▶ _Material for this exercise_:

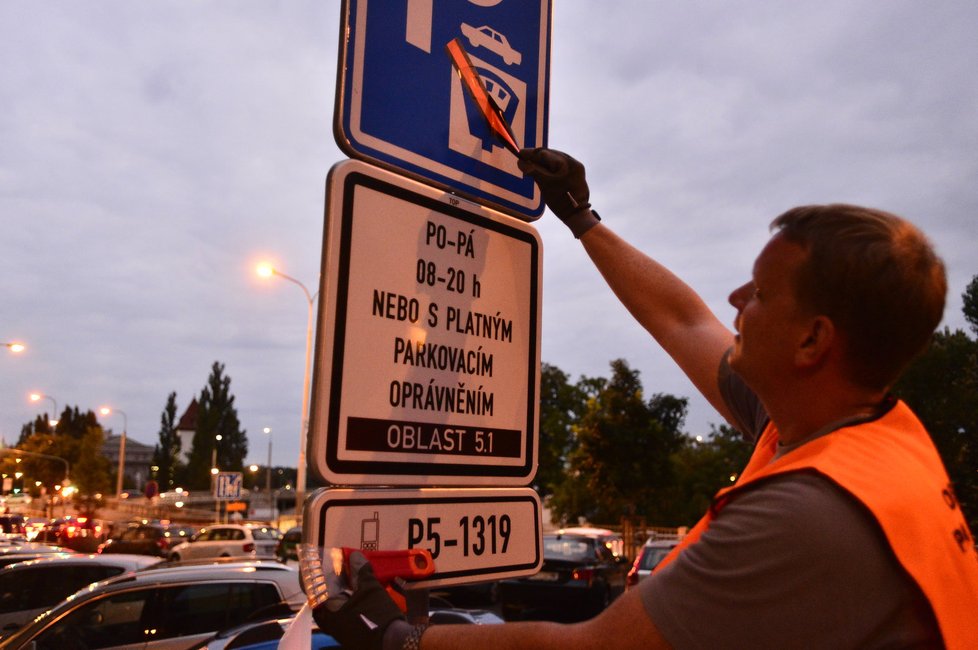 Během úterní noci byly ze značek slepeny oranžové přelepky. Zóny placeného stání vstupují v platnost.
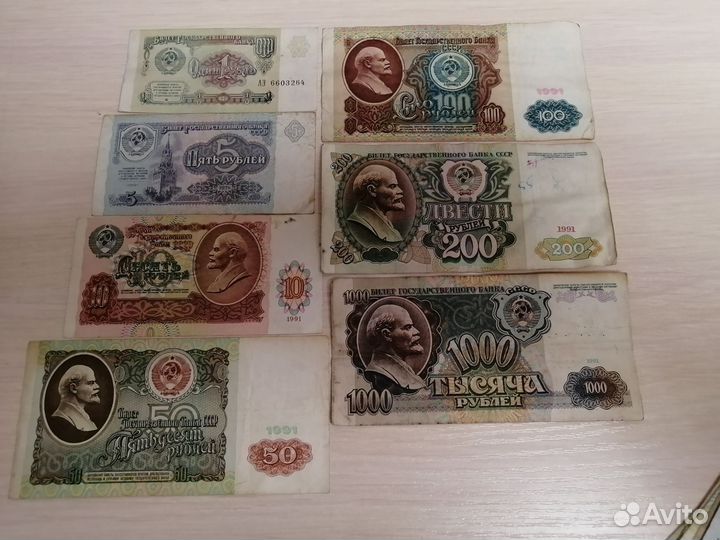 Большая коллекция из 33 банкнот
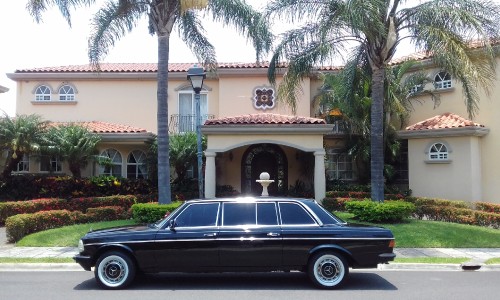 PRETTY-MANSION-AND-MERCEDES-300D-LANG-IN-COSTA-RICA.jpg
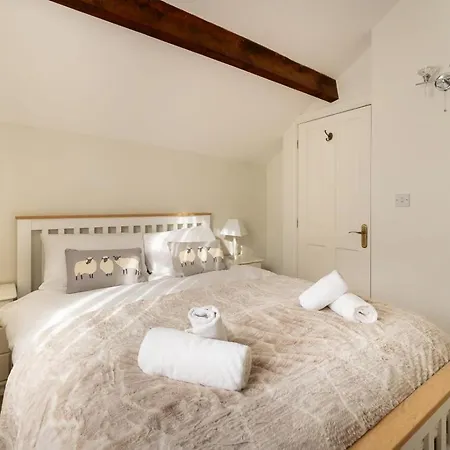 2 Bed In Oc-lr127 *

==

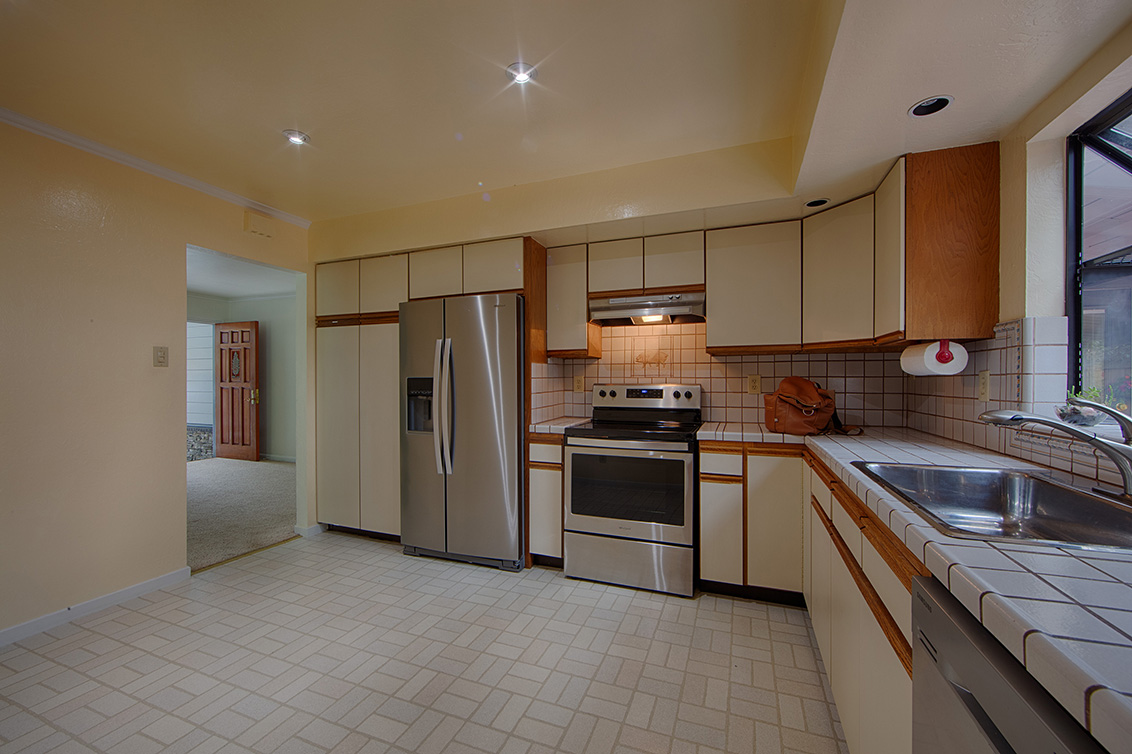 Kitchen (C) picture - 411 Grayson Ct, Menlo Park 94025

--

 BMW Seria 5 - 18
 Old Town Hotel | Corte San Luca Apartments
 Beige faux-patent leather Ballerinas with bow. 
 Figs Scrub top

▶ _Goal of the exercise_: In the entries above, find the line with "Během úterní noci" and the line with "2 Bed In Oc-lr127 *". Return exactly those lines and all the ones between them, pictures excluded.

▶ _Response area_:
 Během úterní noci byly ze značek slepeny oranžové přelepky. Zóny placeného stání vstupují v platnost.
 Большая коллекция из 33 банкнот
 PRETTY-MANSION-AND-MERCEDES-300D-LANG-IN-COSTA-RICA.jpg
 2 Bed In Oc-lr127 *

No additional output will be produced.